Transnational memory

> Par Rigney, Ann
   Utrecht University
> Published on : 21.04.2015

The term “transnational memory” refers to an analytic lens, emerging in recent years out of a larger critique of methodological nationalism, that investigates the movements and entanglements of collective memory across and outside the borders of nation-states (Wimmer & Glick Schiller 2002; Vertovec 2009; Quayson & Daswani 2013; De Cesari & Rigney 2014). Starting point is the observation that stories migrate through the media as well as through individuals (Erll 2011); that these movements lead to the multi-sited emergence of new perspectives on the past; and that this in turn brings the possibility of affiliations between hitherto unrelated actors (Landsberg 2004; Assmann 2014). Transnational memory studies aims to establish a broader archive of memory practices. It develops new ways of conceptualizing memory that are better fitted to a world of advanced globalization, regional integration, mass migration, and of new communication technologies that are radically changing traditional calibrations of distance and proximity.

The “transnational” takes as its point of departure that the nation-state (with its presumed congruence between culture, territory, state) is not the only framework within which memories are produced, preserved, and transmitted.
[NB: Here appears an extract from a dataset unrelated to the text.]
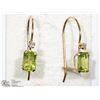 Image 1 : 10KT YELLOW GOLD PERIDOT & DIAMOND EARRINGS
It recognizes that national institutions continue to play an important role in the promotion of particular narratives, but that they do so increasingly within a complex and dynamic field in which the movements of culture (stories, images and ideas carried by media) and state borders are not co-terminous and are increasingly at odds. More than the related term “transcultural” (Crownshaw 2013; Bond & Rapson 2014), then, the term “transnational” offers a framework for an analysis of the interactions as well as tensions between the mobility of memory as culture, on the one hand, and social formations and the workings of power, on the other. It allows for an examination of the “flow” of memory as well as of the “blockages” that occur along the fault lines (of class, religion,  nationality) that mark the limits of solidarity. A key concern accordingly is with the points of articulation between narratives and, through them, between hitherto unconnected communities of memory.

Because the transnational approach extends the scale on which the production and reproduction of memory narratives is observed, it shares points of overlap with recent studies that emphasize the “global” level upon which some memories, preeminently that of the Holocaust, operate. However, transnationalism as an analytic perspective opposes any tendency to universalize memory. In the same way, it contests the assumption that globalization involves a unidirectional increase of scale in a seamless and increasingly convergent world. Instead, it supposes a multiscalar world in which memories are formed at multiple levels in not always convergent ways. The intimate, the familial, the local, the urban, the regional, the national, the macro-regional: these are all sites for the production of memory, each offering a different social framework for the sharing of stories and all equally legitimate as a subject of analysis. Indeed, they feed back into each other as well as diffract each other as part of a multilayered and multidirectional dynamic.

 

Assmann, Aleida.   “Transnational Memories.”  European Review 22.4 (2014): 546-56.

Bond, Lucy and Jessica Rapson, eds., The Transcultural Turn: Interrogating Memory Between and Beyond Borders, Berlin: de Gruyter, 2014.

Crownshaw, Rick, ed.  Transcultural Memory (London and New York: Routledge, 2013).

De Cesari, Chiara and Ann Rigney, eds. Transnational Memory: Circulation, Articulation, Scales. Berlin: De Gruyter, 2014.

Erll, Astrid. “Travelling Memory.” Parallax  17.4 (2011): 4-18.

Landsberg, Alison. Prosthetic Memory: The Transformation of American Remembrance in the Age of Mass Culture. New York: Columbia University Press, 2004.

Quayson, Ato, and Girish Daswani, eds. A Companion to Diaspora and Transnationalism. Oxford: Wiley-Blackwell, 2013

Vertovec, Steven. Transnationalism. London: Routledge, 2009.

Wimmer, Andreas and Nina Glick Schiller. “Methodological Nationalism and Beyond: Nation-State Building, Migration and the Social Sciences.” Global Networks 2. 4 (2002): 301-34.